Compute Intermediate Gradient Stop Colors
Use color-mix() to derive intermediate gradient stops from two endpoint colors. Lets you place additional stops without manually picking middle values.
Detailed Explanation
Programmatic Gradient Stops
CSS gradients accept arbitrary colors at each stop, but choosing the
exact middle color between two endpoints is annoying. color-mix()
solves this:
:root {
--start: #ef4444;
--end: #3b82f6;
}
.gradient {
background: linear-gradient(
90deg,
var(--start) 0%,
color-mix(in oklch, var(--start), var(--end) 33%) 33%,
color-mix(in oklch, var(--start), var(--end) 66%) 66%,
var(--end) 100%
);
}
The two computed stops force the gradient to pass through specific
midpoints. Without them, the browser interpolates linearly in the
gradient's own color space (sRGB by default, unless you use the
in oklch syntax inside the gradient).
Modern gradient interpolation alternative
CSS now supports a similar declaration directly inside the gradient:
.gradient {
background: linear-gradient(in oklch 90deg, red, blue);
}
This produces the perceptual gradient natively.

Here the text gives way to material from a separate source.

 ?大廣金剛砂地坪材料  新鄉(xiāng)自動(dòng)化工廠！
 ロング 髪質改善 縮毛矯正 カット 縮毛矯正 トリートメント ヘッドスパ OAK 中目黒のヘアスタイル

Use color-mix() stops
when you need named intermediate values (for hover effects on each
stop, for example) or when you want to mix colors from outside the
gradient itself.
Pair with the gradient generator
For more complex gradients with conic shapes, multiple stops, or hint
positions, our visual gradient generator
generates the CSS for you and color-mix() can supply the stops.
Use Case
Multi-stop hero gradients, chart axis fills, mesh gradient approximations, or any case where you want explicit control over a gradient's midpoints rather than letting the browser interpolate.